Refusal by judges to recognize the right of journalists to keep the identity of their news sources confidential and the question of public access to city council meetings became issues of concern to the media in Canada in recent months. In November, an Ontario judge found reporter Ken Peters of the Hamilton Spectator in contempt of court for refusing to obey a court order to name a person present at a 1995 meeting in which he received sensitive documents. Peters was covering municipal affairs when he met with two people and obtained documents alleging serious problems at the St. Elizabeth Villa retirement home in Hamilton . He then wrote a series of articles based on the documents. The retirement home is suing city officials for $15.5 million Canadian dollars, saying comments contained in the documents were defamatory, negligent and breached their public duties in the wake of allegations about poor care and abuse of residents and staff. Superior Court Judge David Crane ruled on December 7 that Peters' promise of confidentiality at that meeting did not extend to the second person present, and ordered him to name that person. Peters refused, arguing that to do so would indirectly reveal his source.

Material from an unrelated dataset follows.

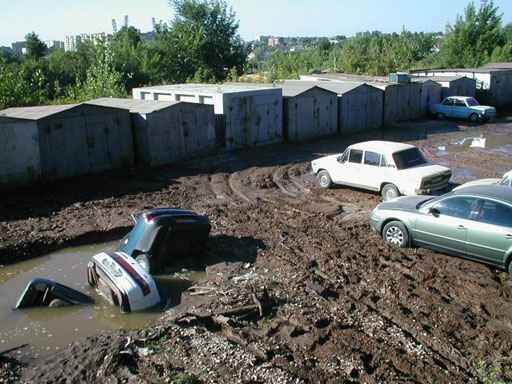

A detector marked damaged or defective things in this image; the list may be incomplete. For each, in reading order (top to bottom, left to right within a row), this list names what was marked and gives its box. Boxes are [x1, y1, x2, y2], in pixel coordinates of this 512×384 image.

Judge Crane said it was the media's insistence on protecting the confidentiality of news sources that forced journalists to break the law.
Media organizations saw the judge's ruling, which included an order that Peters pay the court costs, amounting to $31,600 Canadian dollars , as a dangerous precedent. Peters said he plans to appeal.
In Ottawa , in mid-December the Chalottetown city council voted 7- 3 in favor of opening committee meetings to the media, but added a long list of exclusions, including pre-budget debates, reports and presentations to the council, as well as any meeting an organization may want to keep private.
A CBC reporter had been asked in April to leave a committee meeting. The CBC countered by filing a formal request to have all committee meetings open to the public.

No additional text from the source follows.